Eagle Eye is the most preposterous chase surveillance flick I've ever seen. But it was still watchable. Why? Because Shia LeBouf gives one of the best lip curling, jaw trembling breakdown and cry scenes ever. Not that there was any emotional momentum behind the moment so early in the film, but he's got the physical acting skill down well enough for it not to be corny. I'm now thinking that I have to go sit through Bait once again to see if it has aged well, same thing for Paycheck both of which are appropriate comparison flicks. Right now I'm giving the not to Bait as the best of the three. I never did see Cellular, and I don't consider any of these to be in the same league as Firewall. And no I didn't bother to watch The Net either.

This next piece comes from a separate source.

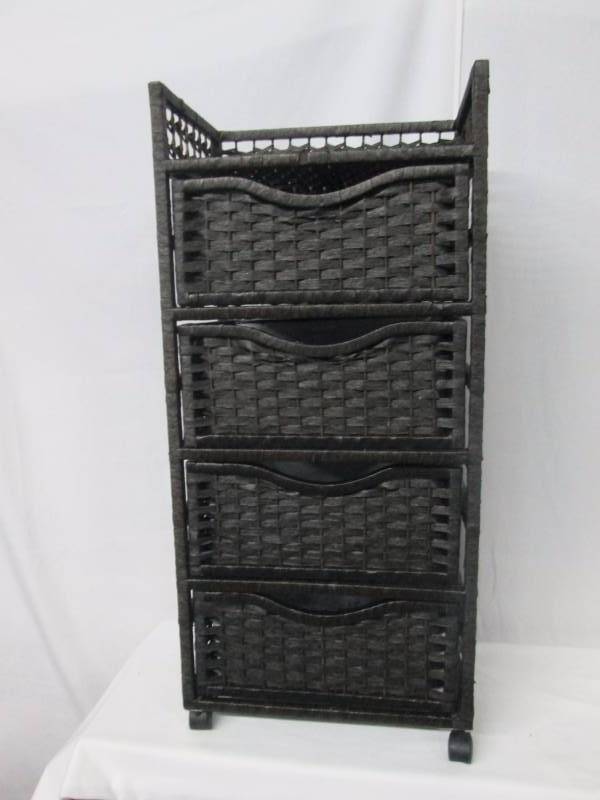 lot 40 image: Natural Fiber 4-Drawer Chest on Wheels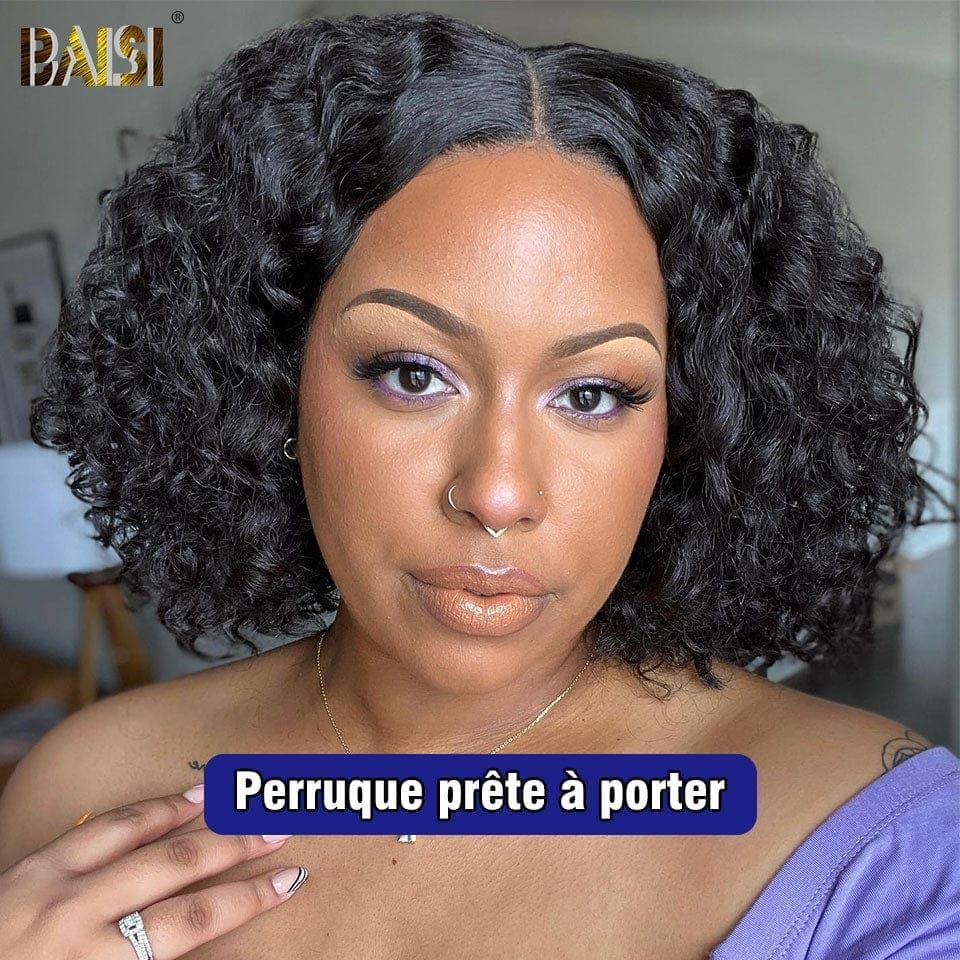 BAISI Acquista minimo 2 parrucche al prezzo di fabbrica fornitore in Francia TVA 0€ arrivo in 48H 13x4 Frontal Bob Parrucca Riccia Senza Colla Lace già tagliata Facile da Indossare 100% Capelli Umani (Nessun Codice Necessario)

What's useful about this flick aside from the fact that it couldn't possibly take itself too seriously (does it?) and aside from the fact that I now know that Michael Chilkis can indeed grow hair, is that it's a good view of what might be considered possible. So we come back to it in five years and see how many amatuer panoptic hacks in government actually tried something as preposterous as the evil computer as this one.
I find it interesting because the only reason that these films get you to suspend disbelief is that you follow the gullibility of the characters themselves. Like the people who always trip running away from the monster. So I wonder the extent to which such small credulousities scale up. Which is to say since nobody in the film really made any effort to throw away their cell phone, or give up the altruism of the protecting that thing they were psychologically unable to abandon, such manipulations become plausible.
So let's take that road and see what we find.
Imagine that you, the one out of 20 Americans who bothers to reflect on the real meaning behind Memorial Day, were the target of some extreme coersion of the sort created by the evil mastermind of Eagle Eye. It tells you to forswear your patriotism and go cook hotdogs instead of going to the grave of your father at Arlington. I'm not saying this right. The better context is that of radical transcendence. Remember the philosophical context of radical Islam. God has the right to demand that you blaspheme. So the Eagle Eye premise, despite the incredibility of the technical manipulation, asks a good question. Can your faith in everything you believe in be manipulated to get you to defy the very principles of everything you believe in? Yeah.
And after you come through all that, which way do you go? It's a very Robert Ludlum kind of question, as his heroes were always burned out in service to something that doesn't necessarily deserve their loyalty - something gone awry in a valued institution which momentarily (?) perverts it.
Since I do have some measure of torture on the brain this week, it is the kind of scenario I found noble, if not admirable, in the character played by Denzel in Man On Fire. If he uses obscene methods to achieve moral ends, the price is self-sacrifice. And with that in mind, and then thinking once more about John Henry Eden, we should never give over the authority over life and death to 'sentient' machines. Why? Because their self-sacrifice is meaningless, or close to it. I mean, nobody cares that a smart bomb is destroyed in its act of destruction. Why then should we care about the fate of a machine that becomes a weapon?